Folgen des Musikschul-Urteils
Das aktuelle Musikschul-Urteil des Bundessozialgerichts und dessen Auswirkungen auf die Handwerkskammern war ein weiteres zentrales Thema. Hans-Jörg Friese, Präsident der Handwerkskammer Rheinhessen, erklärte, dass die Organisation der Meister- und Fortbildungskurse gefährdet sei, da freie Lehrkräfte künftig fest angestellt werden müssten. Dies würde die Flexibilität der Handwerkskammern stark einschränken und könnte dazu führen, dass einige Kammern komplett aus der Weiterbildung aussteigen.

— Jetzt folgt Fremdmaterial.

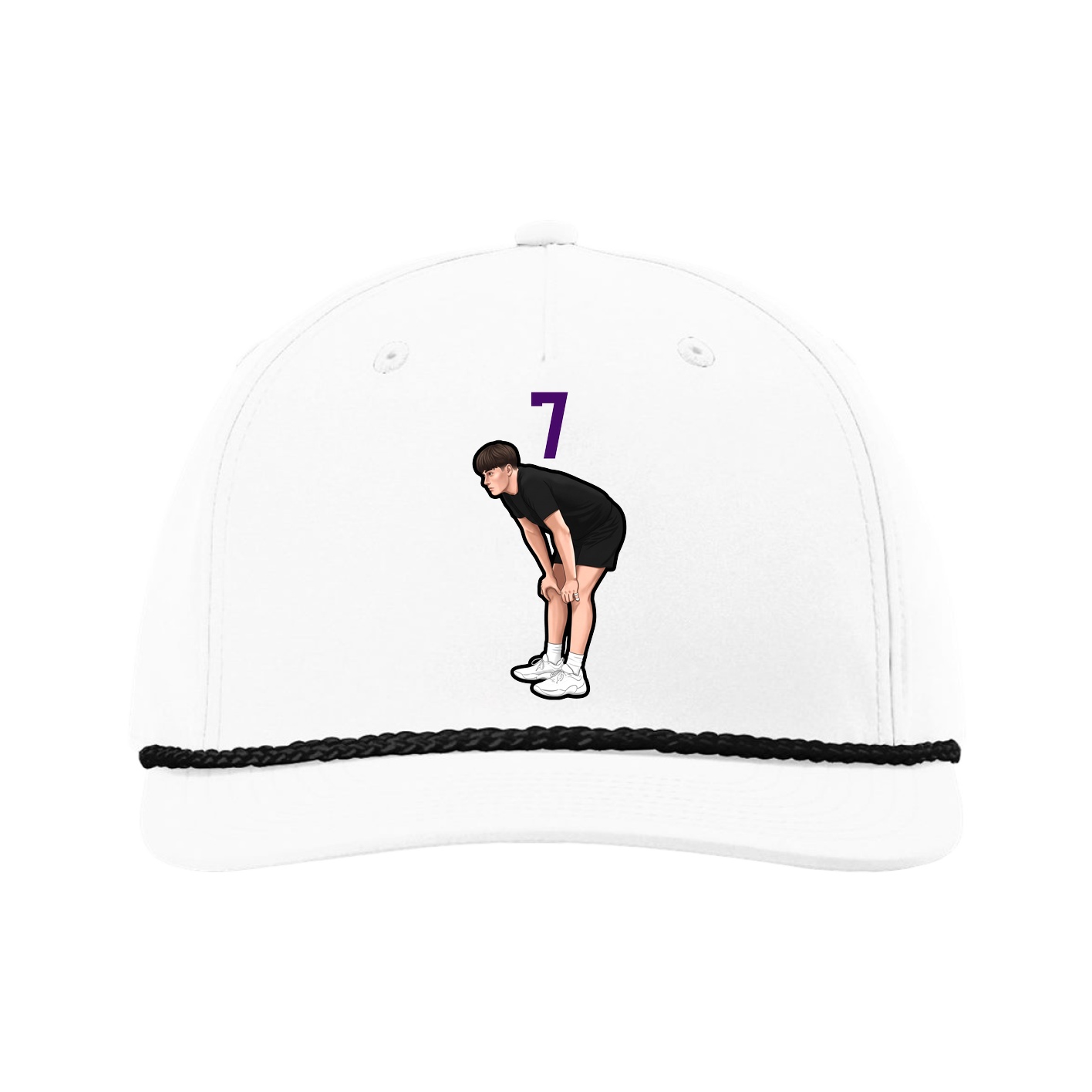 Five-Panel Classic Rope Cap — Number Top in White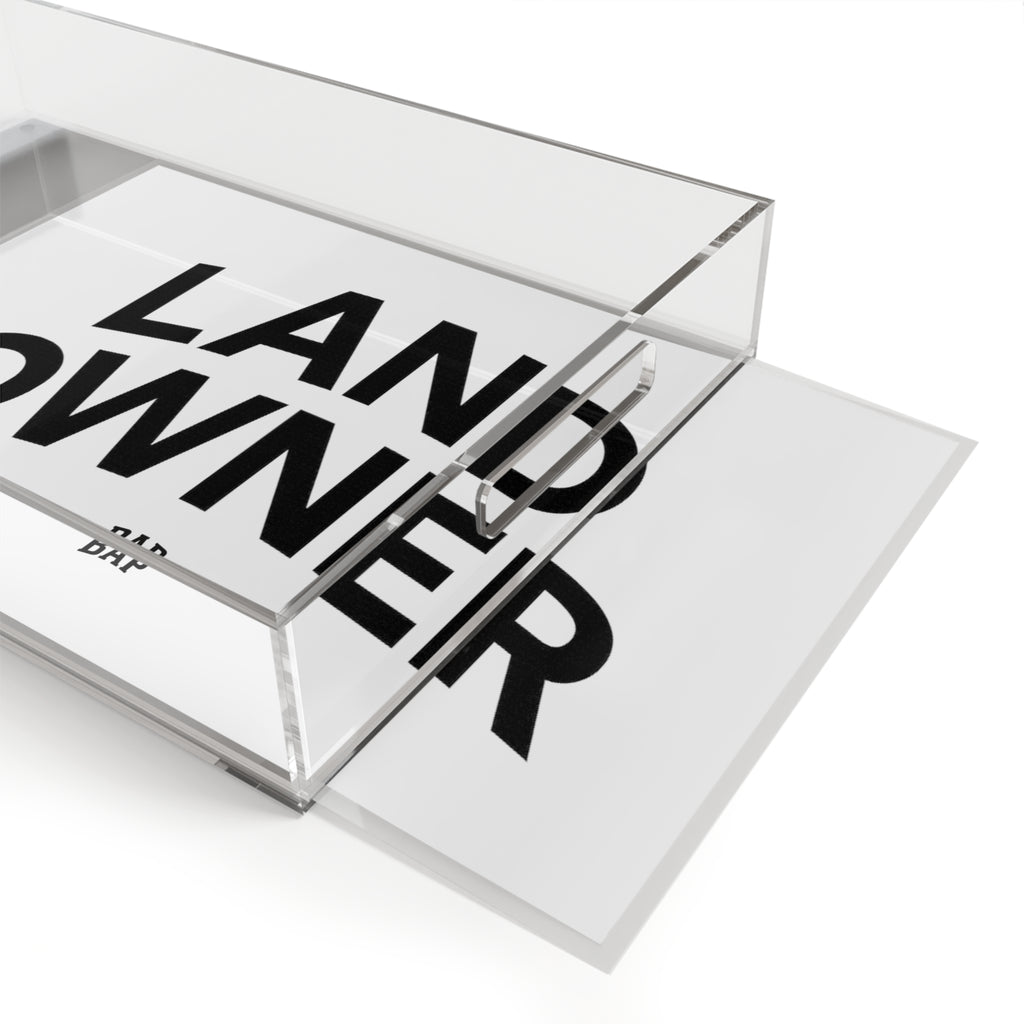 Acrylic Serving Tray – Bold "LAND OWNER" Decorative Bar & Coffee Table Tray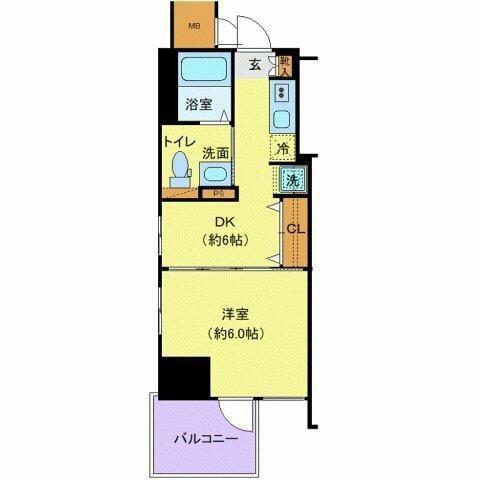 エステムプラザ市谷外濠公園(1DK/13階)の間取り写真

Bürokratie belastet Handwerksbetriebe
Rudi Müller, Präsident der Handwerkskammer Trier, wies auf die zunehmende Bürokratiebelastung hin. Viele Handwerksbetriebe ächzen unter den wachsenden Nachweis- und Dokumentationspflichten. Ein Drittel der Meisterkursabsolventen scheut aufgrund der Bürokratie den Schritt in die Selbstständigkeit. Müller hofft auf das vierte Bürokratieentlastungsgesetz, das im Spätsommer verabschiedet werden soll, um den "Würgegriff des Staates" zu lockern.
Wertschätzung und Anerkennung der beruflichen Bildung
Patrick Schnieder betonte die Notwendigkeit einer stärkeren Wertschätzung der beruflichen Bildung. Trotz des demografischen Wandels und der Schieflage in der Bildungspolitik müsse mehr für die berufliche Bildung getan werden. Er lobte die „Exzellenzstrategie“ der Bundesregierung und forderte mehr Praktika für Gymnasiasten in Handwerksbetrieben, um die Fachkräftesicherung zu verbessern.
Positive Entwicklungen und Herausforderungen
Dirk Palige, Geschäftsführer des Deutschen Handwerkskammertages (DHKT) und des Zentralverbandes des Deutschen Handwerks (ZDH), schilderte die aktuelle Stimmung im Handwerk. Trotz rückläufiger Umsätze und Beschäftigtenzahlen im ersten Quartal 2024 gäbe es auch positive Entwicklungen, wie die gesetzliche Festschreibung der Gleichwertigkeit von beruflicher und akademischer Bildung. Palige appellierte an die Handwerkskammern, die Politik weiterhin aktiv zu unterstützen und Vorschläge einzubringen, um gemeinsam Lösungen zu finden.
Appell für Entbürokratisierung
Schnieder räumte ein, dass die Politik in den letzten Jahren bei der Bürokratie übertrieben habe. Es sei wichtig, Regelungen abzuschaffen, die keinen Sinn mehr machen, und neue Regelungen zunächst zu befristen. Eine dringende Entlastung der Wirtschaft sei notwendig, um mehr Menschen zur Selbstständigkeit zu ermutigen.
Die Liste der Herausforderungen für das Handwerk ist lang, aber durch den aktiven Dialog zwischen Handwerk und Politik können Lösungen gefunden werden. Das Handwerk bleibt ein wichtiger Bestandteil der deutschen Wirtschaft und Gesellschaft, und durch gemeinsame Anstrengungen können positive Veränderungen erreicht werden.